In Fig. 4A, the strong coupling case, the plasmon hybridization and splittings are quite strong because of the small (28 nm) interlayer spacing between inner– and outer–metal shell layers and because the inner |ω–,NS1〉 and outer |ω–,NS2〉 nanoshell plasmons are nearly resonant with each other. The hybridization of the plasmon appears to be strongly asymmetric; we attribute this asymmetry primarily to phase-retardation effects (22). A second contributing factor to the asymmetry is the small but finite interaction with the higher energy |ω+,NS1〉 and |ω+,NS2〉 plasmon modes. Figure 4B depicts a concentric nanoshell with a weak plasmon coupling between the inner and outer shell. In this case, the inner- and outer-plasmon resonances are detuned from each other in energy, and the spacing between inner and outer metal layers is slightly increased (39 nm). Because the hybridization is weak, the concentric shell plasmon modes show only small shifts relative to the isolated shell plasmons. In Fig. 4C, a concentric nanoshell with a fully decoupled plasmon response is shown. In this case, the intershell spacing is 236 nm, effectively isolating the inner-shell and outer-shell layers. The concentric nanoshell response (3) appears to be almost indistinguishable from the calculated nanoshell response for the outer shell. Because of the large intershell spacing and the finite penetration depth of the light, the inner-nanoshell plasmon is not excited.

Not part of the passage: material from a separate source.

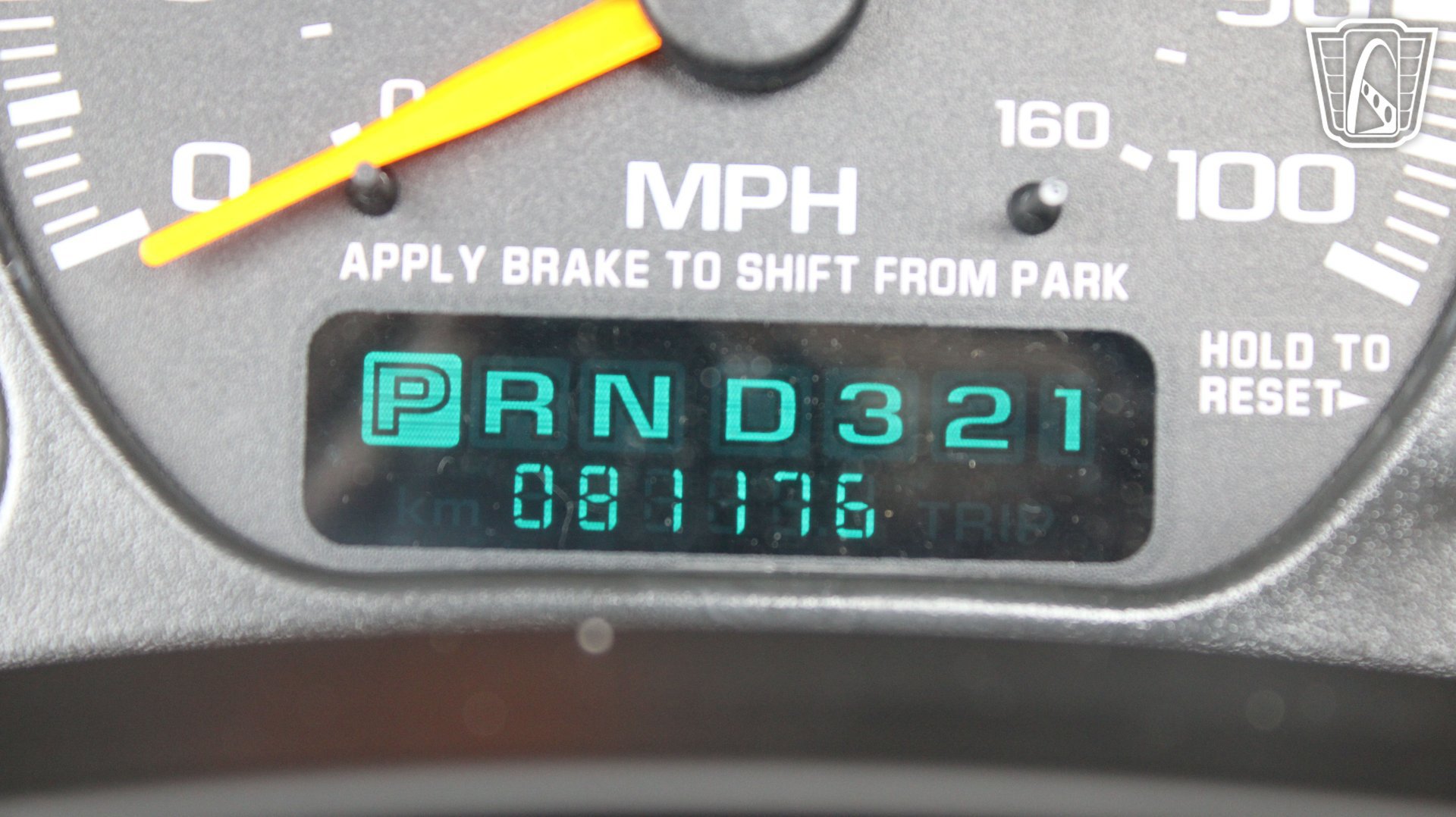 Used 2000 Chevrolet Tahoe LS w/ LS Preferred Equipment Group AWD/4WD image 18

We have shown that the plasmon response of metal-based nanostructures can be viewed as the collection of plasmons arising from simpler geometries to form an interacting system. The plasmonics of the metallic nanostructure is determined by the electromagnetic interaction between these “free” plasmons, which leads to mixing (hybridization), splittings, and shifts of the plasmon energies.